The child was high-strung and extremely intelligent. Intense and insatiable – a force to be reckoned with – he could wear people down with the strength of thirty kindergarteners. Graham had worked with hyperactivity in the past, but this case was extreme. Unusual methods were called for.
Graham dug a huge hole in the middle of the back lawn. Sage gleefully filled it with water, and together they made the best mud hole in the world. The maid had the foolishness to pass by as it was being finished and was thrown in. Sasha joined in the fun, bringing a camera and Seth, Sage’s two-year-old brother. Everyone was muddied and photographed. The interior decorator offered to hold the camera and, much to his horror, was also muddied, to the puzzlement of Stallone, who stood some distance away watching the whole escapade.
Graham grabbed a plastic bucket, a rope, and a screwdriver. Punching twenty holes into the bottom and sides, he tied the garden hose inside the bucket. Hoisting the contraption over the branches of one of the massive pine trees, he and Sage turned the water on full blast, and everyone had a wild group shower.
Sage had numerous showers, followed by great mud fights, and more showers.
Stallone was even more bemused by the goings-on in his yard. He left the patio, returning in twenty minutes dressed and ready for the office. As he stood by his limousine, Graham and Sage, now washed clean, waved good-bye. Stallone smiled.
“Bye, Dad! Bye, Dad!” Sage yelled.
“What’ve you got planned today, Al?” asked Stallone.
Graham laid out the day’s events: breakfast at Mort’s, a walk in the beautiful hills surrounding the compound, a visit with the F.B.I. agent guarding Ronald Reagan’s old Pacific Palisades home (whom they had met on a previous walk), a run on the beach, a trip to the junkyard in Santa Monica (where Sage would engage in his passion for collecting hubcaps), a movie in Westwood, lunch, a nap, and in the afternoon, more mud.
Stallone seemed reluctantly satisfied, and as he stepped into his limo, Graham read the title of a paperback Stallone was carrying: No One Here Gets Out Alive, the unauthorized biography of Jim Morrison’s life.
“What do you think of that book?” Graham asked.
Stallone stopped. “Fascinating. Badly written, but a fascinating character. Did you read it?”
Graham had read it, cover to cover. He nodded.

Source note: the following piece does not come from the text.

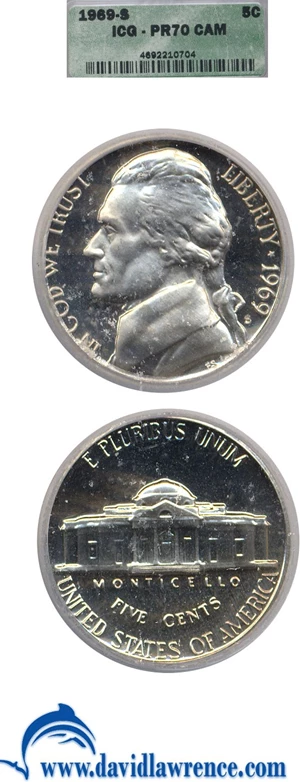 image for: 1969-S 5c ICG Proof 70 Cameo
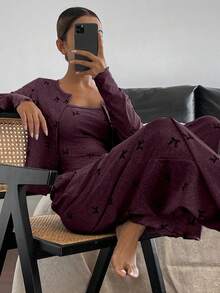 DAZY 3pcs Bow Print All-Over Allover Print Camisole & Pants Pajama Set For Women, Spring - Burgundy - View 4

“Morrison reminds me of Edgar Allan Poe,” said Stallone. “I’ve always wanted to do a movie about Poe. Morrison seems like that same tragic poet.”
“Are you gonna do a film about Morrison?” asked Graham.
“Someone sent me a treatment last week, so I got the book to read. I think it would be a smash movie.”
“Bye, Dad!!!” Sage was screaming from the mud pit. “Come on, Alan!! Come on!!!”
The limo whisked Stallone away. Graham stood looking after him. He thought to himself, One giant fucking adventure coming up, Al!!
June 11, 1981: 8:05 a.m. – Graham sat in the luxury Maserati sedan that had been used in the recently finished Rocky III and that was now Graham’s personal company car. The interior was of the finest soft leather, the dashboard resembled a 747 cockpit, and it boasted twelve powerful cylinders under the hood, capable of warp speeds. Graham pushed a tape into the cassette deck, punched up the awesome equalizer, and drove the sleek midnight blue sedan up to the front of the house.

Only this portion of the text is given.